Hi there, I would like to add to this some more Crux-specific points
since it can be rather confusing with all the ways of running Crux.
I would see three broad setups to run Crux in at the moment:
- Crux runs in standalone mode (RocksDB, JDBC SQLite, …) embedded in a JVM process
- Crux runs with Kafka or JDBC (Postgres, MySQL, MS Server) as storage and there are one or multiple client nodes
- Crux runs in one of the two above modes but you also run crux-http-server and your application logic run separate from Crux itself
Crux also has different data storages:
- The transaction log
- The document store
- The indexes inside the client nodes
Backups
The indexes directly in the nodes (can be memory only, but typically persisted in RocksDB) can be rebuilt from the log and don’t need backups.
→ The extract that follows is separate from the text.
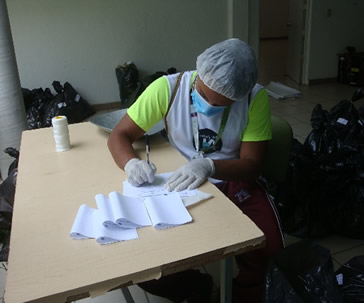 proyecto-manejo-residuos-solidos-ug-ugto-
The document storage is mostly in the same place as the transaction log, but it’s also possible to store it in a place like S3 now.
In general only the transaction log and document storage require backups.
With Kafka or JDBC you can rely on the storage-native backup mechanism.
In standalone mode the backup utilities can be used or with something like SQLite or H2 they also support their own backup mechanism.
Connection Pooling
crux-jdbc uses HikariCP for connection pooling under the hood.
Migrations
Since there is no explicit schema, no explicitly schema has to be migrated.
When changing the shape of documents the implicit schemas still have to be considered for the different usage scenarios:
There is an implicit schema for writing new documents to Crux, which might change over time. It often helps with data integrity to also enforce this schema with a tool like spec.
For the schema on read you have to consider that with Crux you retain all of history, which means your code must always also be able to read old data.
You can get pretty far by avoiding breaking changes in documents. Having unique attributes is pretty nice to do with namespaced keys and adding attributes or making attributes optional can be done without migrating the data.
With a document store like Crux you can decide to model your different data types simply with unique attribute names or you can introduce a separate attribute to match to a certain type
, schema
or version
. If you are explicity about mapping data to types, a breaking change would require to map to a new type or version of a type.
Many use cases work only with the latest version of documents while history is only relevant for a few specific features.
It might be helpful to migrate data to the latest schema to simplify the majority of the code base.
In Crux you can even migrate historic data to the latest version by writing these history documents with the appropriate valid-time
. Then only for features where you also need to consider all transaction-times
you must actually handle all past shapes of a document.
The most appropriate strategy is highly specific to each use case.
I hope all of this is somewhat understandable And of course there might also be other aspects to this which I have not considered. Happy to learn more!